• **Exercise**:
Print exactly the first lines of the records. Stop after the line containing "7-dijelni vrtni kauč", and leave every picture out.

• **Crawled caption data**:
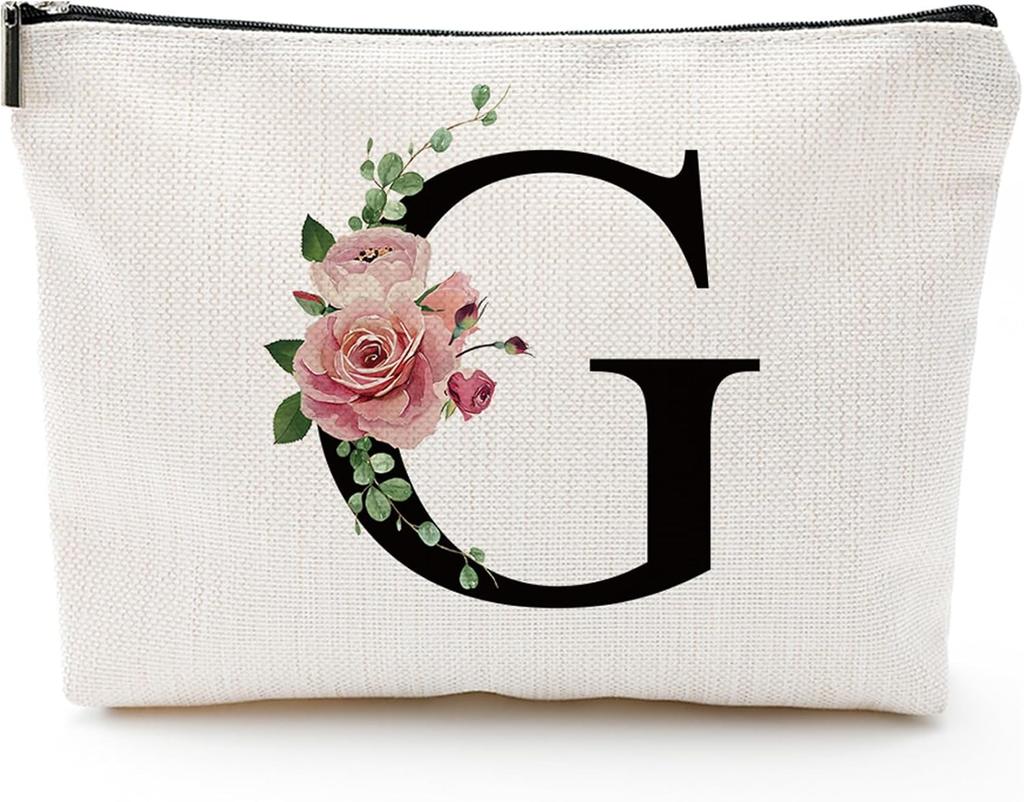 A Z Personalized Letter Makeup Bag Monogrammed Bridesmaid Gifts Presents Cosmetic Bag Portable Storage Organizer Pouch Travel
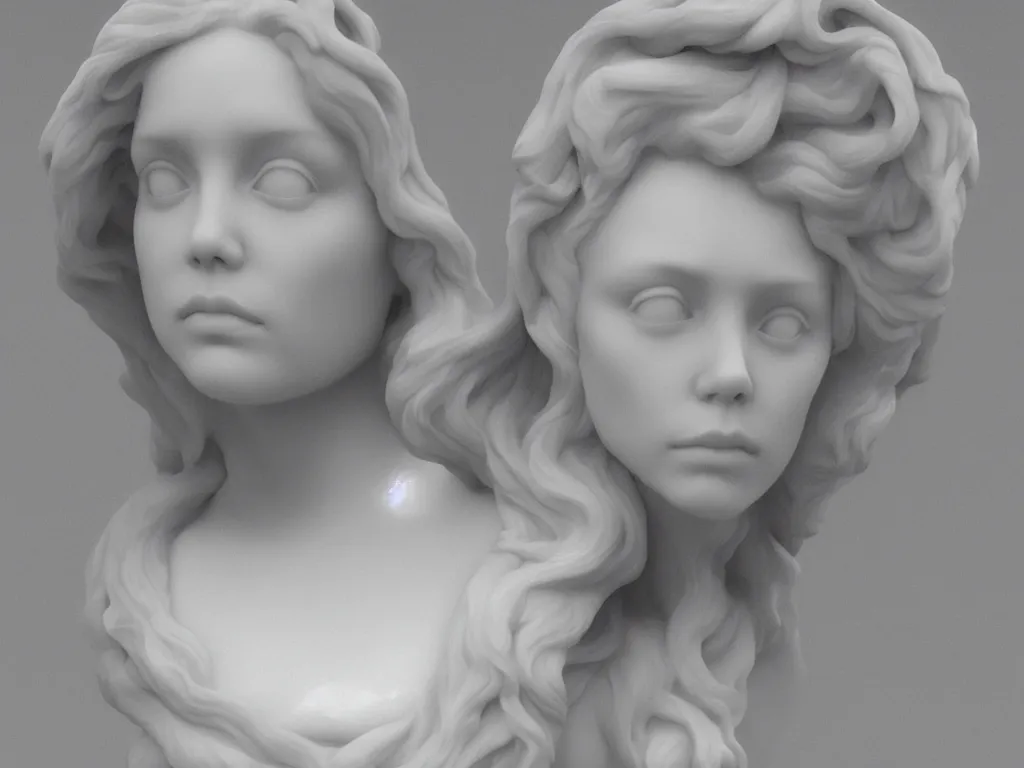 Image similar to a marble bust of actress Elizabeth Olsen, made of Carrara marble, in white marble, detailed, intricate, CGI, cgsociety, trending on artstation, photograph, single subject, by Gian Lorenzo Bernini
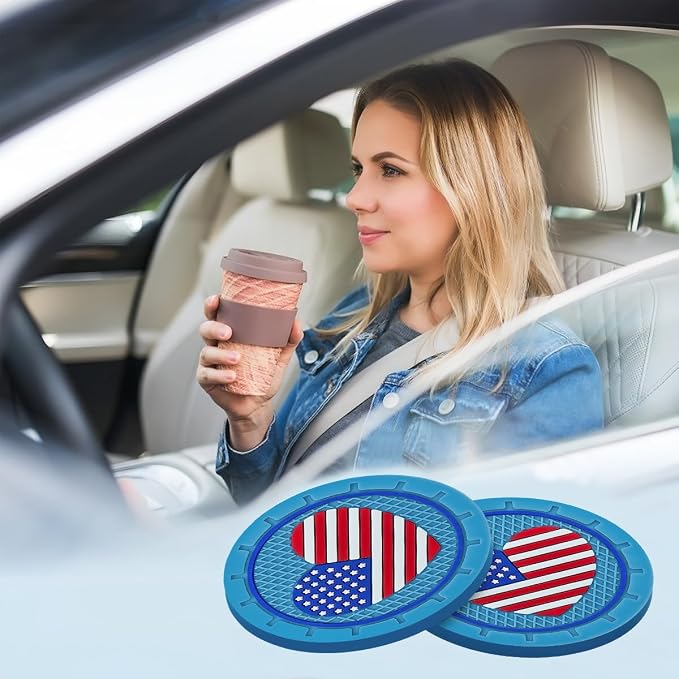 AUCELI 4 Pack Car Cup Holder Coasters, Colored American Flag US Flag Insert Car Cup Coaster, 2.75 Inch Anti Slip Shockproof Embedded Drink Mat, Vehicle Interior Decor Accessories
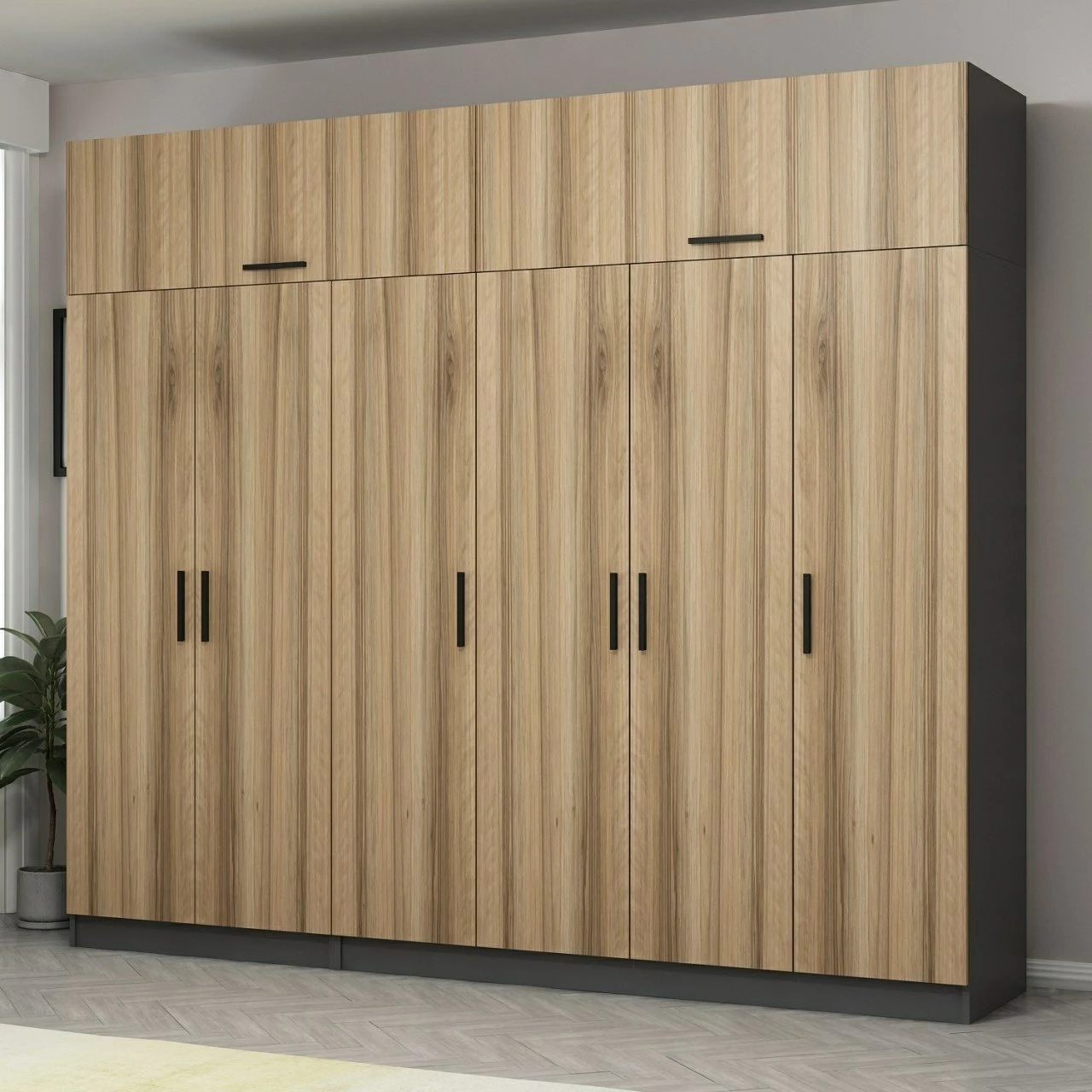 Dollap për dhomë gjumi, ngjyrë dore, Skye Decor, 5293, 270x255x52 cm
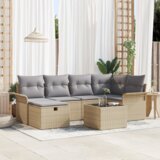  7-dijelni vrtni kauč set s jastučićima Bež poli ratan | shoptok.hr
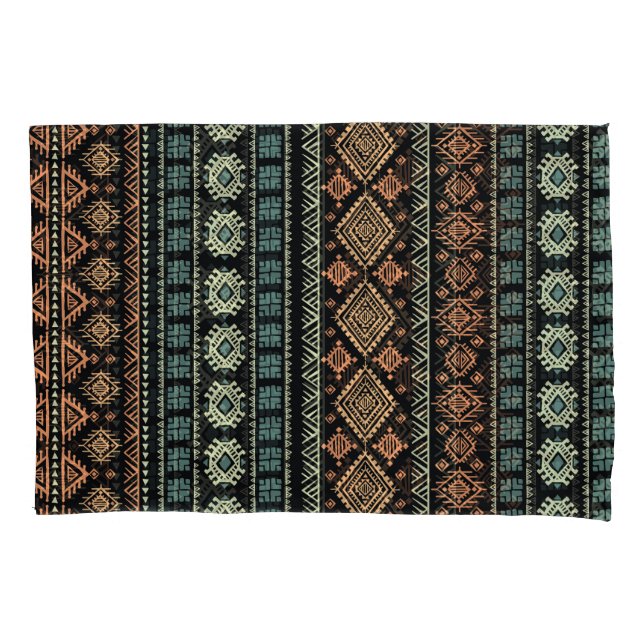 Tribal Ethnic Vintage Business Pattern Pillowcase (Front)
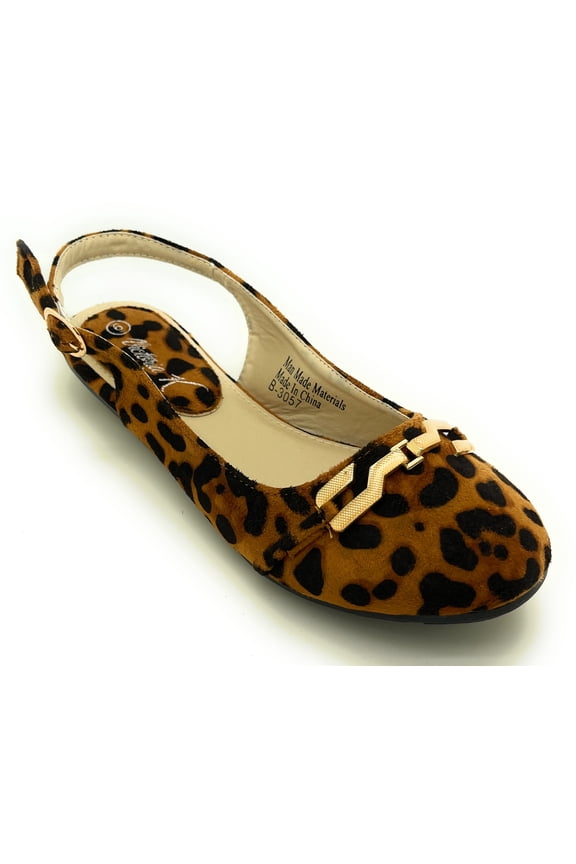 Womens Leopard Print Slingback Flats Open Back Pointed Toe Slip-On Shoes with Gold Chain Accent Stylish Comfortable Casual Dress Flats for Work, Travel, or Everyday Wear
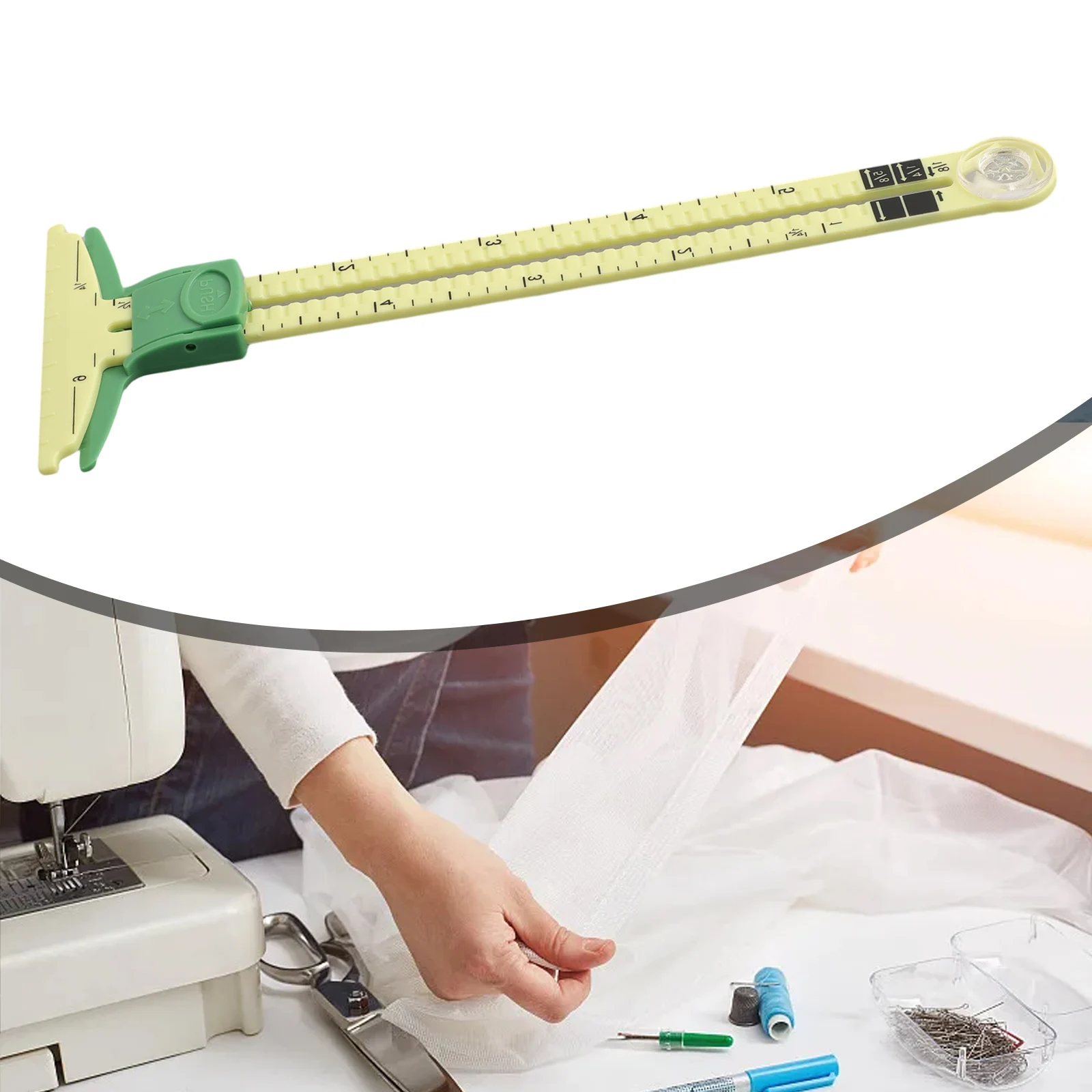 5-in-1 Sliding Gauge Measuring Quilting Sewing Ruler For Knitting Crafting Tools DIY Apparel Sewing Supplies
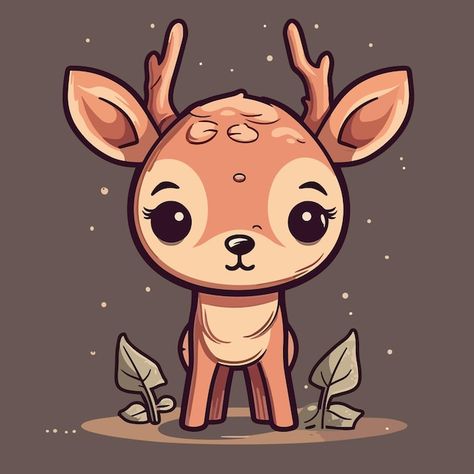 Doe Illustrations, Deer Cute Drawing, Doe Drawings, Deer Drawing Cute, Deer Illustration Cute, Pudu Deer, Cute Deer Drawing, Drawing A Deer, Cute Deer Illustration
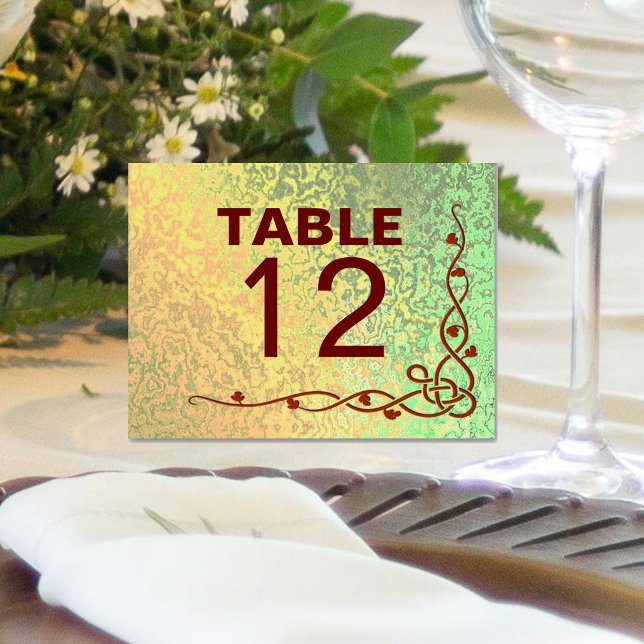 Autumn Shades Green Yellow Wed Folded Table Card (Autumn Shades Green Yellow Wed Folded Table Card)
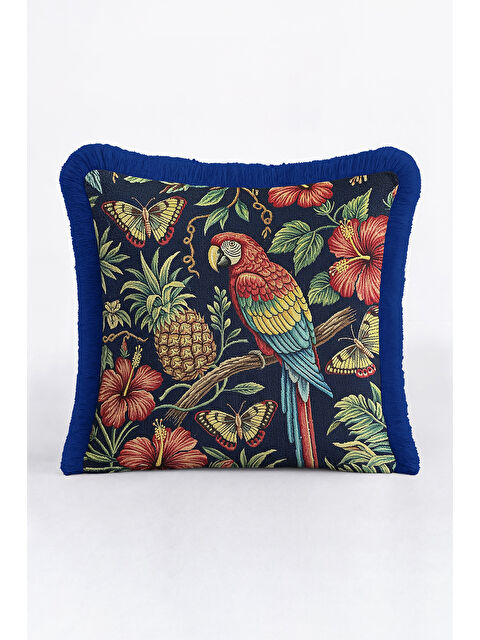 Milbay Grup Tropikal Çiçekli Saçaklı Yastık Kılıfı - Egzotik Botanik Bohem Lacivert Püsküllü Kırlent Kılıfı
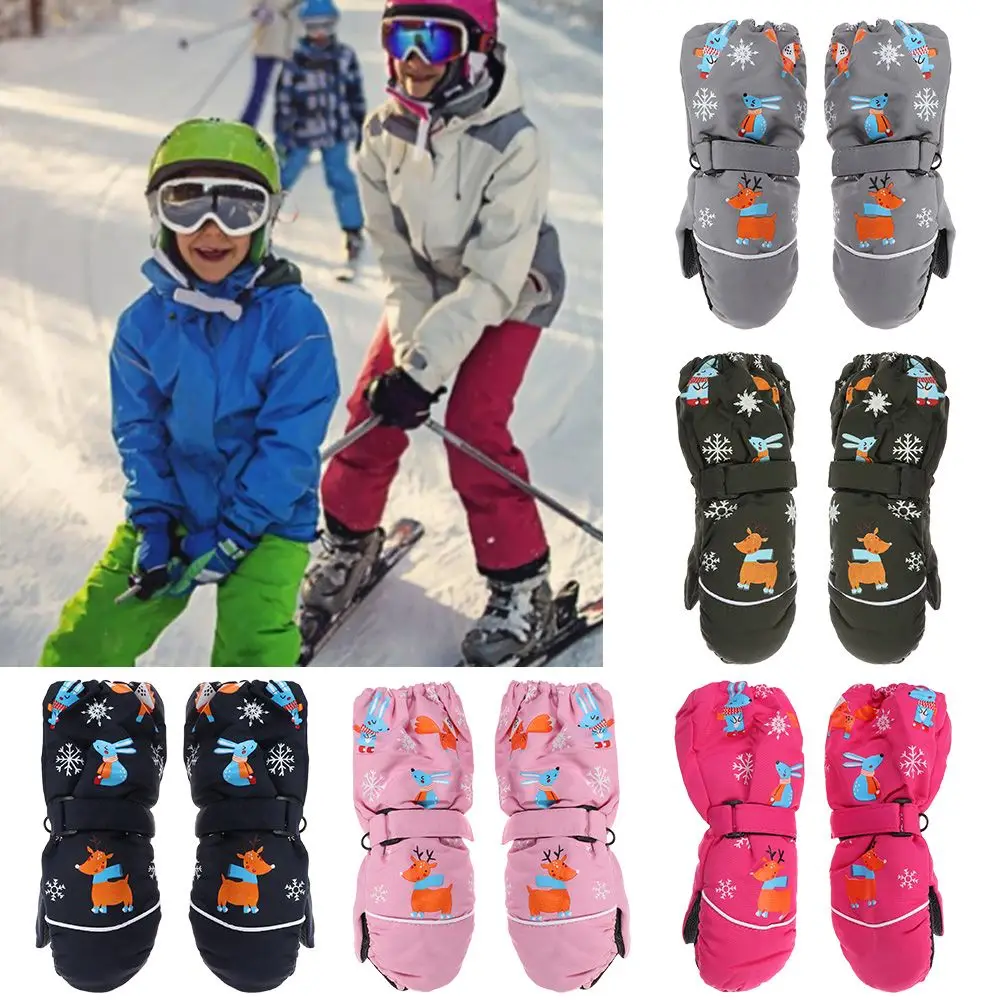 Boys Girls Winter Print Cartoon Deer Rabbit Waterproof Windproof Long-sleeved Mittens Thick Warm Children Ski Gloves
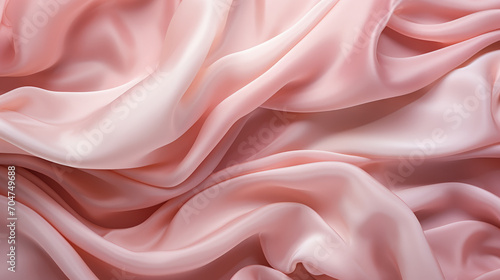 A pink fabric flows like silk, creating soft and beautiful folds.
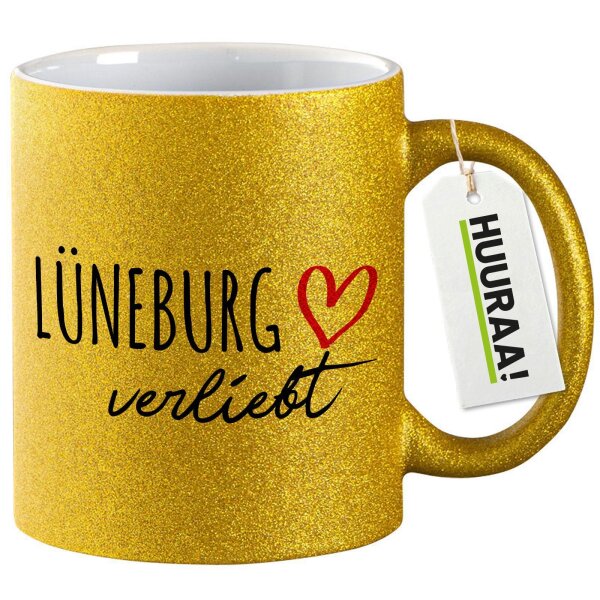 Glitzertasse Lüneburg verliebt 330ml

• **Solution for this task**:
 A Z Personalized Letter Makeup Bag Monogrammed Bridesmaid Gifts Presents Cosmetic Bag Portable Storage Organizer Pouch Travel
 Image similar to a marble bust of actress Elizabeth Olsen, made of Carrara marble, in white marble, detailed, intricate, CGI, cgsociety, trending on artstation, photograph, single subject, by Gian Lorenzo Bernini
 AUCELI 4 Pack Car Cup Holder Coasters, Colored American Flag US Flag Insert Car Cup Coaster, 2.75 Inch Anti Slip Shockproof Embedded Drink Mat, Vehicle Interior Decor Accessories
 Dollap për dhomë gjumi, ngjyrë dore, Skye Decor, 5293, 270x255x52 cm
  7-dijelni vrtni kauč set s jastučićima Bež poli ratan | shoptok.hr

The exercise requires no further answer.